Many people ask us who St. Vincent is and we usually talk about the saint, dates, acts, even phrases, but rarely about the person, about the one who, with his experience of God and the poor, marked our lives and made us get to the place where we are today, that is, we rarely talk about “our” St. Vincent, the one who made us fall in love with him.
Knowing who Vincent is for us helps us to go back to our sources, to our first love and thus live in a special way some particular characteristic of the charism, to focus our attention on the details and this allows us to transform concrete ideas into action.

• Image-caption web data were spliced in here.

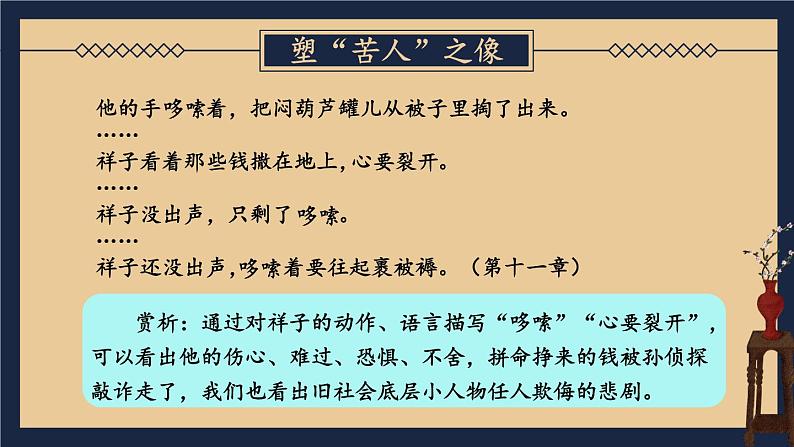【人教部编版】七下语文  第三单元 名著导读：《骆驼祥子》 圈点与批注【第二课时】 课件08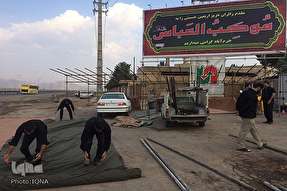 گزارش تصویری آماده‌سازی زیرساخت‌های موکب‌العباس(ع) خرم‌آباد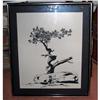 Image 1 : old vintage 1978 ART DRAWING S. MURPHY FRAMED #1853221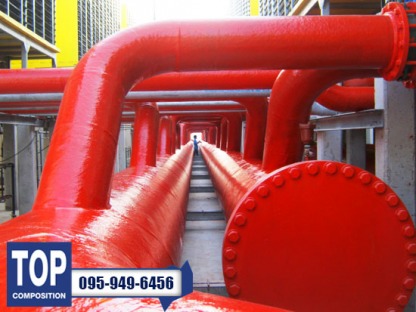 lining pipe ท่อคูลลิ่งทาวเวอร์ - บริษัท ท็อป คอมโพซิชั่น จำกัด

Faced with this same question, my answer focuses on three ideas:

– A creative man: I have always been amazed by the capacity he has had to be able to give an answer to everything, to every need of the poor and of the Church. A man capable of seeing beyond in spite of all the social, economic and even religious difficulties. He lived through war, economic crisis, inequality, exploitation of people, corruption and he knew how to find an answer to everything.

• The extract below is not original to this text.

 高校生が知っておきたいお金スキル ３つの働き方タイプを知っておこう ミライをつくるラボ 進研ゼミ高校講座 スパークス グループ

– Friend of all: he had in his life the ability to relate to everyone, from the King to the last beggar. This characteristic amazes me, especially in these times in which we live in a society that constantly divides one from another by social condition, race, political color or nation. Vincent knew how to reach intimacy with each one, he even knew how to unite some with others in spite of their differences because he had transformed himself into that which was common to all.
– Trusting in God: Vincent would not have been what he was without that trust in God that he had within him, even in the worst moments of crisis of faith. His driving force was God. He did something because he was convinced that God was leading him to it, just as he knew that, if something was not of God, it would simply culminate soon. And this gave him absolute freedom because he knew who was directing his life and his work.

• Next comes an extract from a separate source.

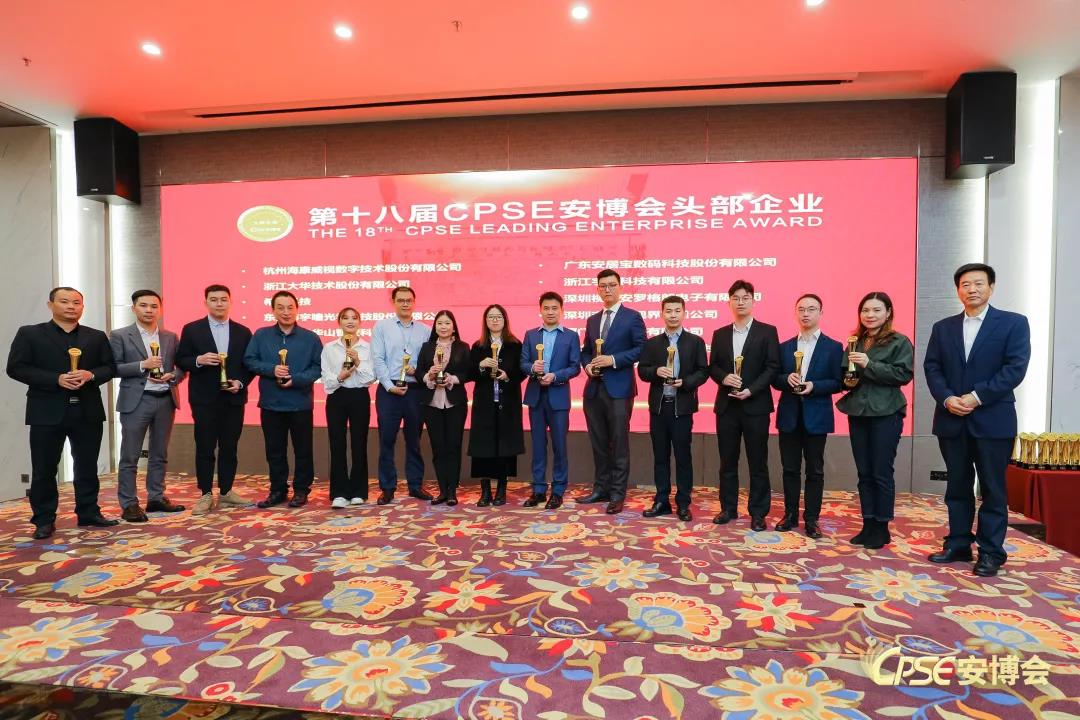 亿万先生mr·(中国区)官方网站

Surely I have other answers to this same question, but this is mine, the most intimate, the one I try to live it day by day and make it not only word but action and I am convinced that it is the vocational answer, not only for me but also for others, for those young people who today are wondering what to do with their lives. For adults who, at times, their life needs something more. For those who disbelieve in everything, in the system, in man himself, who are looking for something that will make them transcend. It is even the answer for the poor.
On this day, let us dare to ask ourselves the same question again, but above all to answer it from within, from that place that is no longer simple knowledge but experience and encounter, where the words no longer matter, but the words that are felt.
On this day let us ask ourselves again… Who is St. Vincent for me?